According to a seventh aspect of the present invention, there is provided a heat-photoelectric type of fire detector, comprising: a printed circuit board; a dark box formed on the printed circuit board; a light-emitting element and a light-receiving element arranged in a pair in the dark box; a holder receiving portion formed in the central portion of the upper side of the dark box and having a plurality of locating recesses; a heat sensing element holder having a plurality of projections received in the locating recesses in the holder receiving portion, the holder being received in the holder receiving portion; a heat sensing element held upright on the holder and having lead lines connected to the printed circuit board; and a protective cover having an insertion hole formed in an upper portion thereof and covering the upper side of the printed circuit board and the dark box, such that the heat sensing element projects through the insertion hole.

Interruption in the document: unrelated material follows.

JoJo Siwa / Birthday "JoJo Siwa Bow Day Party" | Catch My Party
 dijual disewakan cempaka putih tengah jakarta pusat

These and other objects, features and advantages of the present invention will become clearer from the following description of the preferred embodiments when the same is read in conjunction with the accompanying drawings.

BRIEF DESCRIPTION OF THE DRAWINGS

FIGS. 1 and 2 are a plan view and a bottom plan view, respectively, of a photoelectric type fire detector constituting a first embodiment of the present invention;

FIG. 3 is a sectional view taken along the line 3--3 of FIG. 1;

FIG. 4 is an assembly diagram showing a printed circuit board, an optic part holder, an optic base, an optic base cover, a bug screen, a light-emitting element and a light-receiving element of the first embodiment;

FIG. 5 is an assembly diagram of an optic part holder;

FIGS. 6, 7 and 8 are a sectional view, a plan view and a bottom plan view of the optic base, respectively;

FIG. 9 is a sectional view of the optic base cover;

FIG. 10 is an assembly diagram showing a detector body, printed circuit board and so forth;

FIG. 11 is a perspective view of a protective cover used in the first embodiment;

FIG. 12 is a plan view of a heat-photoelectric type fire detector constituting a second embodiment of the present invention;

FIG. 13 is a sectional view taken along the line 13--13 of FIG. 12;

FIG. 14 is a perspective view of the second embodiment illustrating the manner in which the heat sensing element is mounted;

FIG. 15 is a sectional view taken along the line 15--15 of FIG. 14; and

FIG. 16 is a perspective view of a protective cover used in the second embodiment.

DETAILED DESCRIPTION OF THE PREFERRED EMBODIMENTS First Embodiment

Referring to FIGS. 1 and 2, a photoelectric type of fire detector as the first embodiment of the present invention has a detector body 1 and a protective cover 60 which covers the upper side of the body 1. As shown in FIG. 3, a plurality of metal blade members 5 serving as conductive joints are attached to a lower surface 1b of the body 1, and a printed circuit board 10 is mounted on an upper surface 1a of the body 1. The printed circuit board 10 and the metal blade members 5 are fixed to the body 1 by means of common terminal screws 6. An optic part holder 20, an optic base 40 and an optic base cover 50 are secured to the upper surface of the printed circuit board 10. The optic part holder 20 holds an LED 30 as a light-emitting element, a lens 32, a photodiode 35 as the light-receiving element, and a shield case 37 which shields the photodiode 35. A bug screen 46 is arranged in such a way as to surround the outer periphery of the optic base 40.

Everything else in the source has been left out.